(What you have to do)
Your copy of the entries below should hold exactly the lines from the one containing "2015 INFINITI Q50 Hybrid Premium" to the one containing "mientras trabajaba Una", inclusive, and no pictures.

(Exercise inputs)
[Start of section]
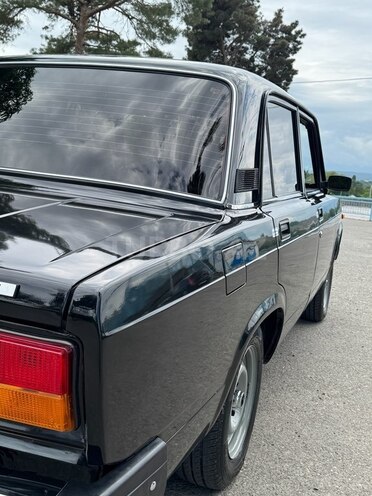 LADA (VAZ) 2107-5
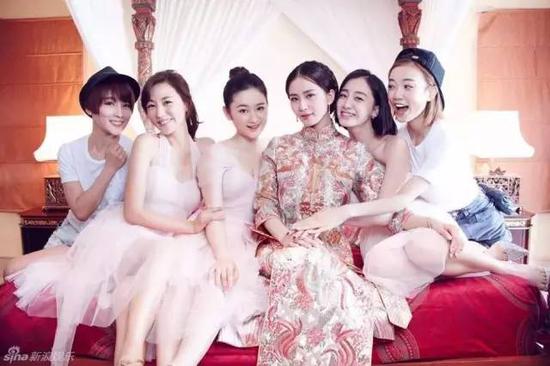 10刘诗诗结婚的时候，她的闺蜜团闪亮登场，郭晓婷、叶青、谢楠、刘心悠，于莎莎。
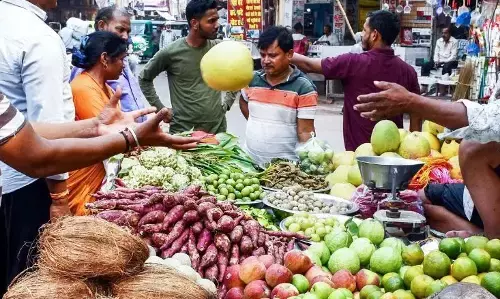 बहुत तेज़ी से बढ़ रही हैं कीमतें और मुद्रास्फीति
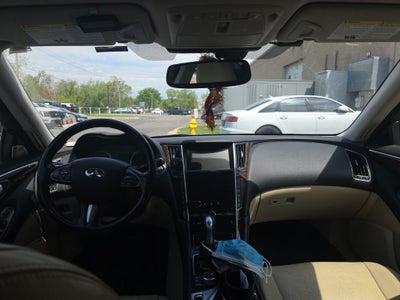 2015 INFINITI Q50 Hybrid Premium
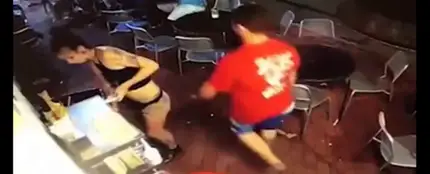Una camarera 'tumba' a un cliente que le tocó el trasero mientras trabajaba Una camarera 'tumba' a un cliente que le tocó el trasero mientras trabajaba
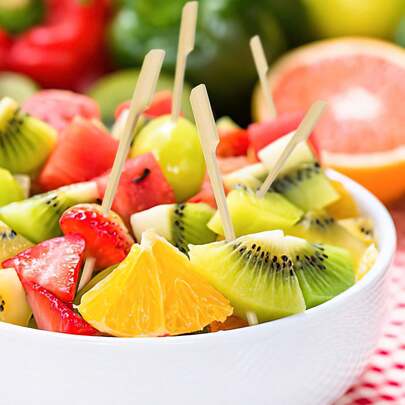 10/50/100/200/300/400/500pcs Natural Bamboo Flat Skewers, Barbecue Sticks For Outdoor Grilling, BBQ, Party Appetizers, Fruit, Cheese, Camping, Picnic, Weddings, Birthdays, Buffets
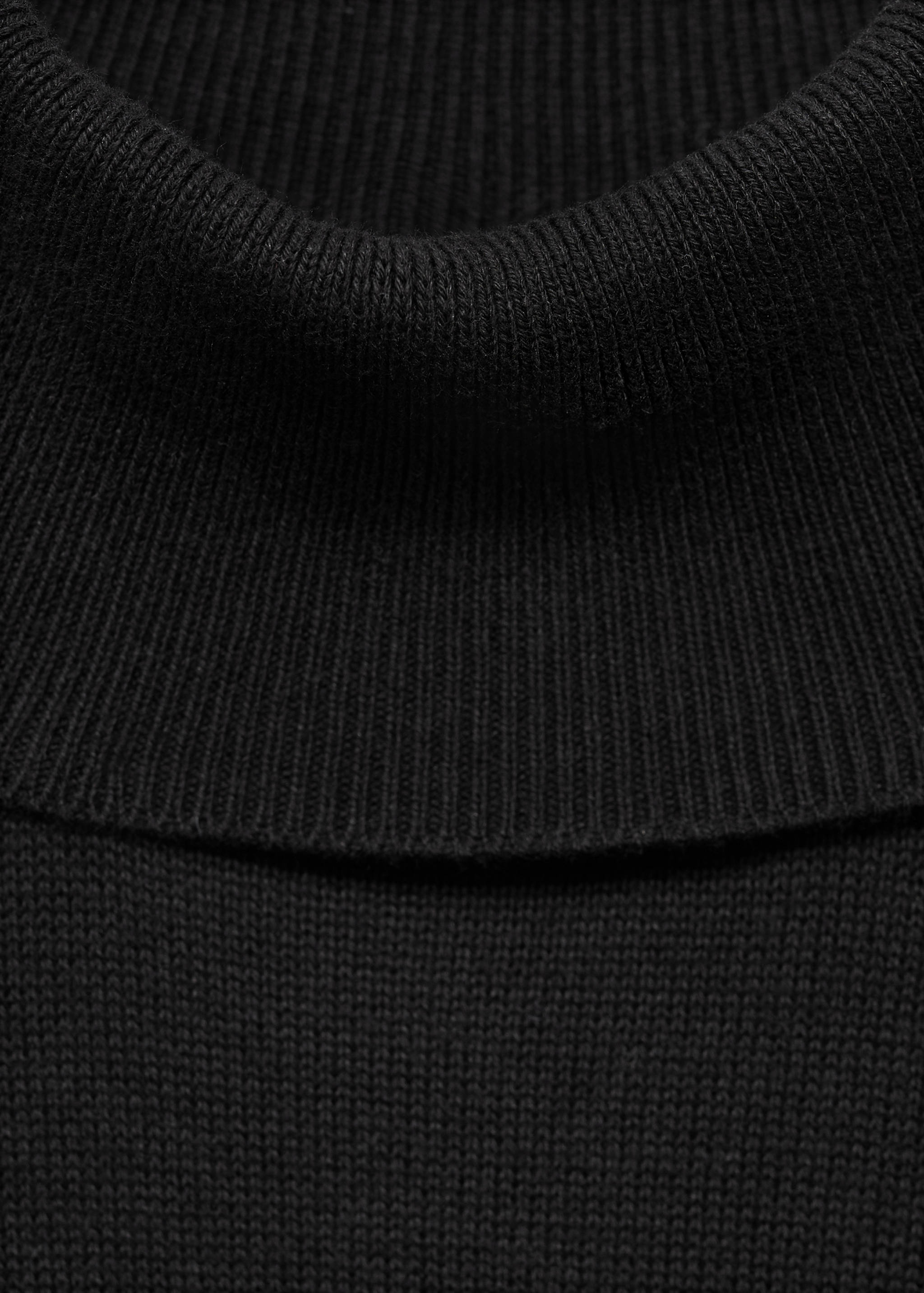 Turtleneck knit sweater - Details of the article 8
[End of section]
[Start of section]
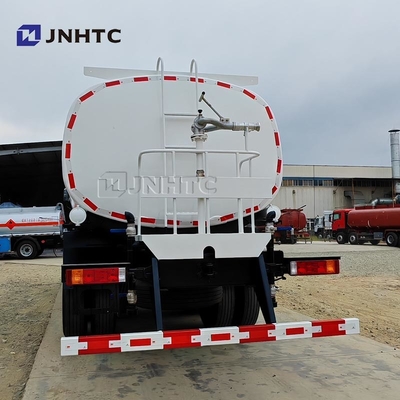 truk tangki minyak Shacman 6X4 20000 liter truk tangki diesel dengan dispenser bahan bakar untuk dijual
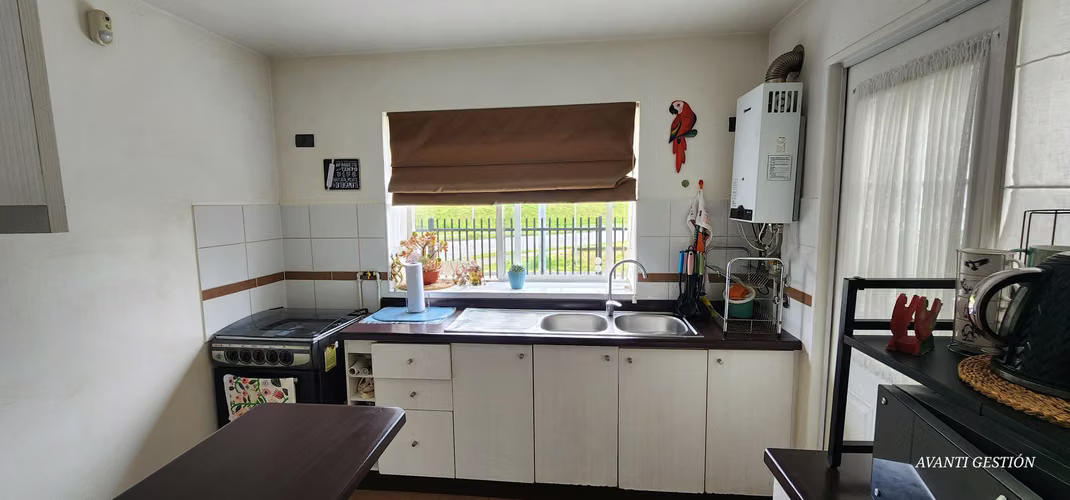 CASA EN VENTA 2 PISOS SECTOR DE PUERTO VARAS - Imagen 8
[End of section]
(Answer box)
 2015 INFINITI Q50 Hybrid Premium
Una camarera 'tumba' a un cliente que le tocó el trasero mientras trabajaba Una camarera 'tumba' a un cliente que le tocó el trasero mientras trabajaba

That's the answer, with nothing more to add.